L’effort financier qu’une semblable situation commandait, la Prusse l’a réalisé malgré sa misère.

De ce que les paiemens réguliers de la contribution française n’ont point été repris par Hardenberg, l’on a conclu trop légèrement que sa politique financière avait été un avortement[3]. En réalité, il réserva pour un autre usage les ressources qu’il créa ; mais ces ressources, il les a bien réellement créées. On en jugera facilement par deux chiffres :

Nous avons dit que l’ancien système d’impôts eût donné annuellement, à la Prusse réduite de 1809, 10600 000 thalers.
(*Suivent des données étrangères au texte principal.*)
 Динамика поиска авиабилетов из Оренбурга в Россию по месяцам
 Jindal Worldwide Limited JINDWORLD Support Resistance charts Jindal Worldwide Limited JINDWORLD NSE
La réforme fiscale porta dès la première année, l’année financière 1811-1812, le rendement de ses impôts indirects seuls de 5 766 000 thalers à 12 237 000, soit de 22 millions à 46 millions de francs[4]. Il fut plus que doublé. Et jusqu’à la fin de 1816, la plus-value moyenne annuelle fut de 7111990 thalers, soit environ 27 millions de francs, 67 pour 100 environ des ressources normales de 1809. La politique financière de Hardenberg fut donc des plus fructueuses. L’effort financier fait par l’État prussien au moment de son abaissement le plus profond est un effort relativement énorme et qui n’a peut-être pas beaucoup de précédens. Mais si le résultat financier des mesures prises par Hardenberg fut considérable, ce fut aux dépens de leur portée sociale. Ce n’est point là qu’il faut chercher le caractère démocratique de l’œuvre de Hardenberg. C’est ce qui nous reste à indiquer brièvement.

  1. Karl Mamroth, ibid., p. 36. — Warschauer, Zur Geschichte der Staats-Anteihen in Preussen von 1786-1870.
  2. Treitschke, Deutsche Geschichte, I. p. 377, 381.
  3. Ces chiffres sont extraits des tableaux donnés par Karl Mamroth, Geschichte der preussischen Staats-Besteuerung, p. 51 et suiv. Le dernier chiffre de 46 millions de francs comprend 14 millions de francs environ provenant du blocus continental.
  4. Karl Mamroth, Geschichte der preussischen Staats-Besteuerung p. 23.